> [WORK INSTRUCTIONS]: Please print only the top portion of the entries below, ending with the line that contains "Classic Luxury Magnetic", exactly as written.
--*--
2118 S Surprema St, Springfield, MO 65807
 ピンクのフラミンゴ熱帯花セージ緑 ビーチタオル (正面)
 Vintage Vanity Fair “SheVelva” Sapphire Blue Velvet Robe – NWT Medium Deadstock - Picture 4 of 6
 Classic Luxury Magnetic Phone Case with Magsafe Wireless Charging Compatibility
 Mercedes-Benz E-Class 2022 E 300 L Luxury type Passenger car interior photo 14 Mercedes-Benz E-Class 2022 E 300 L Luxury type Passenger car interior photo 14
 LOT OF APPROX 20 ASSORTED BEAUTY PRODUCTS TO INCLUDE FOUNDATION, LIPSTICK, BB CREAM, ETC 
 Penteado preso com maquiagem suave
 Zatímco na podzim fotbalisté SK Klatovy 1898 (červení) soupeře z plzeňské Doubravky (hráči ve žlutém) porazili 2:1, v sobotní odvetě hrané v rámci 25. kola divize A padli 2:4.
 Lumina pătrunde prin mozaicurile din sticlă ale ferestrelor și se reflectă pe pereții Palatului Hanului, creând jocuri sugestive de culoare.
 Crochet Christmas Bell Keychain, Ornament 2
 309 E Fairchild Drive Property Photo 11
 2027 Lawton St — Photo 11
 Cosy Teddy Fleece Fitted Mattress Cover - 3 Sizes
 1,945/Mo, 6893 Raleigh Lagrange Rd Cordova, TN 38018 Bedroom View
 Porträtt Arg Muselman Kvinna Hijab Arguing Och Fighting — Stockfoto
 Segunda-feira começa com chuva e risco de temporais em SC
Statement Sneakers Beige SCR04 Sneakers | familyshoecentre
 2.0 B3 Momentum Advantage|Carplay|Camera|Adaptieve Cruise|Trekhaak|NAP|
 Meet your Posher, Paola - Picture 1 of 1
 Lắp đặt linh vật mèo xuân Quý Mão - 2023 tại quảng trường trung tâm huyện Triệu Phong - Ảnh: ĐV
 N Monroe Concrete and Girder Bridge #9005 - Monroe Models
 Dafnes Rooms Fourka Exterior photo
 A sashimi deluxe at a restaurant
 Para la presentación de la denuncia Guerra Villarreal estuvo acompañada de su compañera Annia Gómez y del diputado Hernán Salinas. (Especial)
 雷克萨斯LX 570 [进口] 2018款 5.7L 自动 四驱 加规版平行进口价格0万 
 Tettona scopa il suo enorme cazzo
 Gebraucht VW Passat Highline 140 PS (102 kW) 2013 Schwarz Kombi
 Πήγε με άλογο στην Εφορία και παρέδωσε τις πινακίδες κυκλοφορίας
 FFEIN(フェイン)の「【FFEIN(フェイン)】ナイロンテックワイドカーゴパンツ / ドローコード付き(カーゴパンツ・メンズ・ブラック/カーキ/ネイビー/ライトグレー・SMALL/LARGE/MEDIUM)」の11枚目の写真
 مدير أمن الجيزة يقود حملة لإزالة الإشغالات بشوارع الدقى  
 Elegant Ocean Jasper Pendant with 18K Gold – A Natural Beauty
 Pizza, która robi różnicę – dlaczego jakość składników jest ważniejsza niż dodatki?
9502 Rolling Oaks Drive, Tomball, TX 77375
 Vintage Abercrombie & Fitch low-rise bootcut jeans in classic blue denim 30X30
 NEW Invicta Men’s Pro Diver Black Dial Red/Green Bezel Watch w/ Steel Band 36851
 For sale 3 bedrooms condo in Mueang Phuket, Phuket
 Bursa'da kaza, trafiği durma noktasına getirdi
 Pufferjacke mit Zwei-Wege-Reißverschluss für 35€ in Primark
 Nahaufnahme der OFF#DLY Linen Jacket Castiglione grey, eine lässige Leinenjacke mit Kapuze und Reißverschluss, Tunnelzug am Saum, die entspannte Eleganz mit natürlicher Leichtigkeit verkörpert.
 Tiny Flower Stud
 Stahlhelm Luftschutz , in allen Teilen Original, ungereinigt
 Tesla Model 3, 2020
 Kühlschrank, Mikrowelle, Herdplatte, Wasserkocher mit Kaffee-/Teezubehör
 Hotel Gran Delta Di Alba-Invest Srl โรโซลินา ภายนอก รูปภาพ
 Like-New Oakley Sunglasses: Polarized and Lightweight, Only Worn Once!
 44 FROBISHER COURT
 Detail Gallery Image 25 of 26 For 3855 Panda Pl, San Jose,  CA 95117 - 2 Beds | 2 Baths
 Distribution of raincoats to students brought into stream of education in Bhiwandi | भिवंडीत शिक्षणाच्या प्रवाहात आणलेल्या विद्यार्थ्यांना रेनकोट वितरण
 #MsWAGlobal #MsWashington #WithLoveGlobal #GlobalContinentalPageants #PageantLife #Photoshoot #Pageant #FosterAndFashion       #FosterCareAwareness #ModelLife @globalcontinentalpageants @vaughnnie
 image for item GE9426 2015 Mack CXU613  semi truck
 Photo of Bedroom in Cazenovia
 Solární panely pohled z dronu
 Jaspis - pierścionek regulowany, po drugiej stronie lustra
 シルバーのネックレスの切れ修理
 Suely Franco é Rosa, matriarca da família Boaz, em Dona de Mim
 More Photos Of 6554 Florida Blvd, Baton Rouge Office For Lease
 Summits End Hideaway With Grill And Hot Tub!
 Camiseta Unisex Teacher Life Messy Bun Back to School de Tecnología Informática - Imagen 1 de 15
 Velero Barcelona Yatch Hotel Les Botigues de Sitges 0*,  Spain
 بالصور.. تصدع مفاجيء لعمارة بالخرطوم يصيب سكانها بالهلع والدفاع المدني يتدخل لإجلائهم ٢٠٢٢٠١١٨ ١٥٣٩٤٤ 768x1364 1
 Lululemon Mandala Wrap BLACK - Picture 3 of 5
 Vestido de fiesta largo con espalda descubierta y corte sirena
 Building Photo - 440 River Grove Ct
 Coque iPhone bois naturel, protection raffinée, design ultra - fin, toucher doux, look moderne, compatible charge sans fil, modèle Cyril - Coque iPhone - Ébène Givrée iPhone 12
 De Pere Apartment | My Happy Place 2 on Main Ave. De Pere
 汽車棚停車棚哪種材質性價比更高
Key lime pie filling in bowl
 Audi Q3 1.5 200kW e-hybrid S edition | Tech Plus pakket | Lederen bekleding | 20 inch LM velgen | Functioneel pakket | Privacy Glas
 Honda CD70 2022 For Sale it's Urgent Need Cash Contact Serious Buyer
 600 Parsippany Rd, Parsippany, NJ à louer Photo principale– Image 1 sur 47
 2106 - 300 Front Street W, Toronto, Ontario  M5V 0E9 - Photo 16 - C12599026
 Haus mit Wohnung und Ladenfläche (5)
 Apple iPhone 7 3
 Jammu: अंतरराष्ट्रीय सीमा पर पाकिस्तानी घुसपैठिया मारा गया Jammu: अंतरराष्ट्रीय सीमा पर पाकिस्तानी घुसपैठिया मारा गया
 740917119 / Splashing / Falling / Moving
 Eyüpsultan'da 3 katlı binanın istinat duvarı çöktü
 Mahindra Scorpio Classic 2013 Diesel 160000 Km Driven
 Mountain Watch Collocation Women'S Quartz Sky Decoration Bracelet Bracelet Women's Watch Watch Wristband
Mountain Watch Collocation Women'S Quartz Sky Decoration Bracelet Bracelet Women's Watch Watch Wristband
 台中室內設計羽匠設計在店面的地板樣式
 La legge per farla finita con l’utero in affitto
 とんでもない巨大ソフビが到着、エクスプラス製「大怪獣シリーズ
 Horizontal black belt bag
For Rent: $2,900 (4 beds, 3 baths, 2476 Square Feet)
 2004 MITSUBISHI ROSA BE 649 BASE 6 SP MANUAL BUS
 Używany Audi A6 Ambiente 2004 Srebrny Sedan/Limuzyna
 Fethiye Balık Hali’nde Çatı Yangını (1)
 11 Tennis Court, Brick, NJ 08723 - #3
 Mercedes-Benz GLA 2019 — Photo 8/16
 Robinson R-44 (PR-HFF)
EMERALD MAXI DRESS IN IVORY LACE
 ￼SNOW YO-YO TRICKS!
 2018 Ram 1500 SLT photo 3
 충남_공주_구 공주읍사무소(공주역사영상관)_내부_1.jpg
--*--
> [EXERCISE RESULT]:
2118 S Surprema St, Springfield, MO 65807
 ピンクのフラミンゴ熱帯花セージ緑 ビーチタオル (正面)
 Vintage Vanity Fair “SheVelva” Sapphire Blue Velvet Robe – NWT Medium Deadstock - Picture 4 of 6
 Classic Luxury Magnetic Phone Case with Magsafe Wireless Charging Compatibility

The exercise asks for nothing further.